“The real estate business provider”, Me Caroline Dubuis Talayrach, lawyer

The business contribution activity remains unclear. The Hoguet law does not provide for it and in case of doubt, the judges assess on a case-by-case basis.

The quest for information leading to the signing of a mandate is essential for a real estate agent or a property manager. Also, the professional can consider remunerating certain business contributors. But what is the status of these business providers with regard to the Hoguet law? Is the contribution of business in real estate possible? If so, under what conditions? These questions are important because if the contribution of business falls under the Hoguet law, the sanctions can then be criminal (illegal exercise of the activity of real estate agent) and civil (loss of the right to remuneration).

I. The principle

The contribution of business in commercial law does not pose any particular difficulties. However, when this operation concerns a regulated activity (real estate, banking, insurance), it must be studied with regard to the scope of the said activity. Because without knowing it, the business provider can “enter” into the scope of a regulated activity and therefore be in illegal exercise of the activities of real estate agent, banker or insurer. In real estate, it is therefore necessary to analyze article 1 of the Hoguet law which provides that “this law applies to natural or legal persons who, in a usual manner, engage or lend their assistance, even on an ancillary basis, transactions relating to the property of others and relating » to transactions for the sale, rental, management of real estate or property management.

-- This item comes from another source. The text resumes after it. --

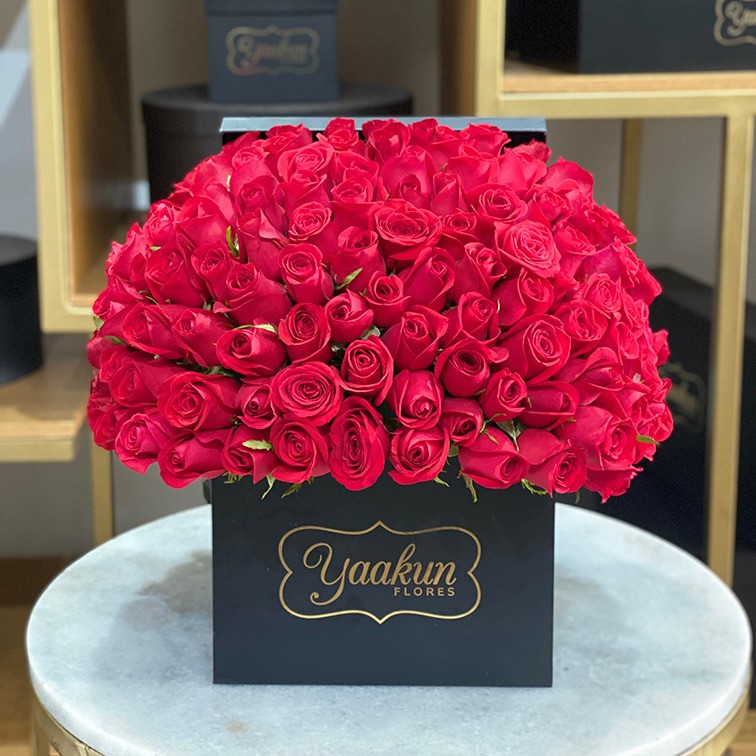 150 rosas rojas en caja negra cuadrada yaakun especial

Above all, it should be noted that this definition is broad and that in case of doubt, it is the judges who will assess the situation submitted to them on a case-by-case basis. There are certain exceptions referred to in article 2 of the Hoguet law which are not included here for educational purposes and in view of the format of the article.

A. Remuneration

Remuneration is often mentioned on the occasion of business contributions, yet it is not a criterion for applying the Hoguet law. Indeed, the aforementioned article does not make it a condition for the application of the Staff Regulations. It does not matter whether the business contribution is remunerated or not and regardless of the amount of the remuneration. The Paris Court of Appeal recently applied this principle with regard to remuneration of more than 80,000 euros (CA Paris, 1, ch. 8, 5/6/2020, n° 19/16391). If remuneration is not a criterion, the criterion of habit is decisive: payments made to the benefit of a business introducer can constitute proof of habit.

B. Habit

The Hoguet law applies to persons “who, in a usual manner, engage in or lend their assistance, even on an ancillary basis, to transactions relating to the property of others […] “. Habit is therefore a criterion for applying the Hoguet law. Thus, a person who once makes a business contribution or even a paid intermediation will not be covered by the Hoguet law (Cass. 1st civ., 27/1/2001, n° 99-14005). But if the same person carries out two intermediation operations, it falls under the Hoguet law (Cass. crim., 2/11/1978, n° 77-93464). Only counts the number of times – once – and not the periodicity.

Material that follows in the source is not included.